Such numbers nearly expunge what little Lamela and Soldado have given Spurs in the way of gaudy scoring figures (even if there are only nine goals between them, with only two–one a piece–coming in EPL play).

Spurs tout the youngest squad in the Premier League, yielding magnificent results from its aforementioned young players.  Furthermore,  Tottenham made headlines last August, signing young USMNT star Deandre Yedlin to the club.  Pochettino, despite not using Yedlin in any match this year, has gone on record to suggest “bigger and brighter” things await its fresh, new fullback in coming years.  Add to that a promising signing of Kevin Wimmer, 22-year-old center back from Cologne of the Bundesliga, and Dele Alli of MK Dons, a 19-year-old star in the making.

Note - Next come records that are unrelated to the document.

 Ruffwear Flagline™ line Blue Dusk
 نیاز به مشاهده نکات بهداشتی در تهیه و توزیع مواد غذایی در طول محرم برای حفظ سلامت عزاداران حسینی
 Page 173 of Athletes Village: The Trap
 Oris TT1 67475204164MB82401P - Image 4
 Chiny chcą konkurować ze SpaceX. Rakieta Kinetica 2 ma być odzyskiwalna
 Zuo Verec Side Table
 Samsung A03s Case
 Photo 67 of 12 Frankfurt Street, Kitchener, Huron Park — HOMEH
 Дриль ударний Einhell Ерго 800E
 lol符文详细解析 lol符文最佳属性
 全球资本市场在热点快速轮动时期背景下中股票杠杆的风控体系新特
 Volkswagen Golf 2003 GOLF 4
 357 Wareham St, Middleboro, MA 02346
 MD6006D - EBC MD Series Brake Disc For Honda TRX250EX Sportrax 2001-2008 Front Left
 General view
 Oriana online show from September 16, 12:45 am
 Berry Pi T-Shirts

Giving Pochettino a relative vote of confidence to close out this season, Spurs find themselves exceeding expectations beyond any pundit’s wildest imaginings, with grander visions awaiting Spurs in 2015/16.  Given the fitness Pochettino demands of his players, the likes of Eriksen, so deadly in the closing minutes, are primed and ready to strike when a lesser, more fatigued squad least expects it (i.e. see what Spurs did late against West Ham at the Lane this year).  This will only bode that much more promising with each year Daniel Levy employs Pochettino as his manager.

Win or lose, Champions League or not, Tottenham has given its faithful plenty in which to believe.  If only Bale could extricate himself from the clutches of a delusional, rabid fan base to return to his former glory.